In the future, cars will drive us. And probably not surprisingly, they'll often know where to go without us even needing to tell them.
That's the theme of a short back-and-forth conversation on Twitter recently between Tesla founder and CEO Elon Musk and a user who tagged him in a comment suggesting that "it would be cool" to be able to tell a car where to go. Responding to user James Harvey, Musk replied, "It won't even need to ask you most of the time." Later, after Harvey asked how the car would know where he wants to go, another user suggested that the car would know what time you go to work. "Yeah, don't exactly need to be Sherlock Holmes," Musk tweeted.
It won't even need to ask you most of the time— Elon Musk (@elonmusk) October 21, 2017
Yeah, don't exactly need to be Sherlock Holmes.— Elon Musk (@elonmusk) October 21, 2017
That the ability to know where we're going will be part of our future driving experience shouldn't be surprising. After all, the smartphones we carry around already possess the ability to predict what we want — think Google's cleverness in tailoring search results or providing traffic information just before your commute, Facebook's highly customized News Feed content or even auto-fill technology, which can predict the words you're typing. And plenty of automakers have been touting their own work in developing in-car artificial intelligence systems. Like Audi's Elaine concept, which will be able to learn, think and even empathize with drivers. Or Mitsubishi's e-Evolution concept, which can not only assist your driving, but also assess your skills and teach you how to improve them.

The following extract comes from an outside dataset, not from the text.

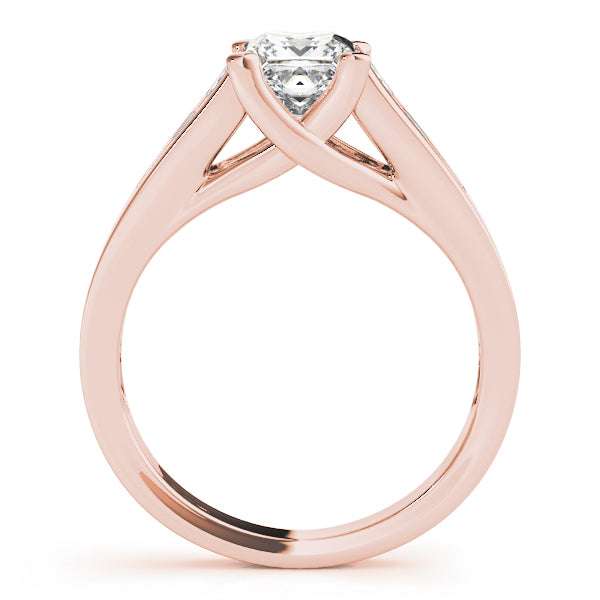 Elegant Trellis Princess Diamond Engagement Ring — 9K/18K Gold & Platinum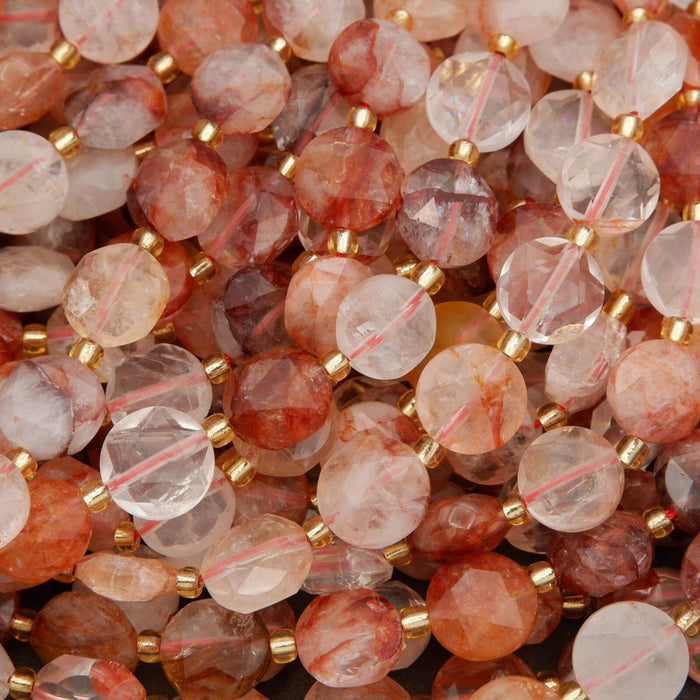 Red Lepidocrocite Hematoid Quartz · Faceted · Coin · 10mm, Tejas Beads, Beads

Tesla's vehicles, of course, are being outfitted with all the latest autonomous driver-assist technology, with the automaker eager to one day reach full Level 5 self-driving capability. According to Inc., Teslas will be able to listen and respond to directional commands, and they'll even have access to your calendar to comb for information about where you need to go. Tesla has also said it's developing an update to its Autopilot hardware and remains on track to achieve full Level 5 autonomous driving by the end of this year, which strikes a lot of people as wildly unrealistic.
At any rate, the promise of cars knowing what time we're sneaking out to get donuts or picking up the kids is interesting, coming from the man who has warned that AI presents "a fundamental risk to the existence of human civilization."